Roger Ebert of the Chicago Sun-Times gave the film a positive review, awarding it 3 out of 4 stars.

In 2025, The Hollywood Reporter listed Lethal Weapon 3 as having the best stunts of 1992.

===Home media===
Lethal Weapon 3 has been released on VHS and DVD numerous times. The first DVD was released in 1997 and featured the film's theatrical version. The 1997 DVD contains both the widescreen and the pan and scan editions. The Director's Cut was released in 2000. Since then, numerous sets have been released that contain all four films in the series (featuring the same DVDs). The film was released on Blu-ray Disc in 2011.

==Soundtrack==

Lethal Weapon 3 (Original Motion Picture Soundtrack) was released on June 9, 1992, on audio cassette and CD. The soundtrack was performed and composed by Michael Kamen, Eric Clapton, and David Sanborn. Its title songs, "It's Probably Me", and "Runaway Train" were written and performed by Eric Clapton with the assistance of Sting and Elton John respectively.

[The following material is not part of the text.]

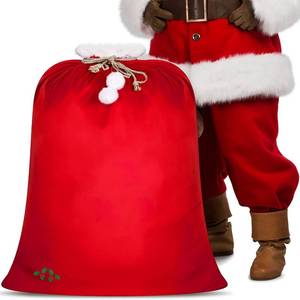 lot 4104 image: Xuniea 1 Pcs Extra Large Christmas Gift Bags Drawstring Santa Claus Sack Treat Bags Velvet Bags 36 x 27 In Heavy Duty Candies Goodie Bag Wrapping Sack for Xmas Party Favor Present Toys Storage Bag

In 2013, La-La Land Records issued the complete score on a two-disc set as part of Lethal Weapon: Soundtrack Collection.

===Track listing===

====Original album====
1. "It's Probably Me" by Sting and Eric Clapton
2. "Runaway Train" by Elton John and Eric Clapton
3. "Grab the Cat"
4. "Leo Getz Goes to the Hockey Game"
5. "Darryl Dies"
6. "Riggs and Rog"
7. "Roger's Boat"
8. "Armour Piercing Bullets"
9. "God Judges Us by Our Scars"
10. "Lorna – A Quiet Evening by the Fire"

====La-La Land album====
Tracks with one asterisk are previously unreleased, tracks with two asterisks contain previously unreleased material.

- Disc one
1. "Trust Me" – 3:34 *
2. "Afterglow" – 0:57
3. "Jaywalker" – 2:01 *
4. "Armoured Car Chase" – 4:33 *
5. "Leo Getz" – 3:20 **
6. "Concrete Death" – 1:59 **
7. "Rianne's Big Break" – 2:16 *
8. "Locker Room" – 0:43 *
9. "Firing Range" – 0:59 *
10. "Jack Kills Billy" – 3:15 *
11. "Hockey Game" – 0:58 *
12. "Dum-Dum Wound" – 1:07 *
13. "Shooting Darryl, Part 1" – 3:12 **
14. "Shooting Darryl, Part 2/Step into My Office" – 2:17 **
15. "Man's Best Friend/Lorna's First Fight" – 6:41 **, *
16. "Scars/Love Scene" – 3:45 *
17. "Roger's Boat" – 5:28 **
18. "Shaving" – 1:17 *
19. "Gun Montage/Lorna's Second Fight" – 3:33 *
20. "Captain Abducted/Captain and Travis" – 1:34 *
21. "Unauthorized Access" – 1:57 *
22. "Gun Battle" – 3:47 **
23. "Riggs Falls" – 2:11 *
24. "Drive to Housing Development/On Three" – 3:34 *
25. "Fire/Fire Battle/A Quiet Evening by the Fire" – 7:01 *

- Disc two
Original album as above, followed by:
Additional tracks
1. "Leo Getz" (alternate) – 2:38 *
2. "Armoured Car Chase" (no overlay) – 4:33 *
3. "Gun Battle" (alternate) – 5:26 *
4. "I Can't Retire" – 1:30 **

==Video games==
Several versions of a Lethal Weapon video game were released in conjunction with this sequel's release, appearing on the NES, SNES, Game Boy, Amiga, Atari ST, and Commodore 64 platforms.

Also released was a Lethal Weapon 3 pinball game.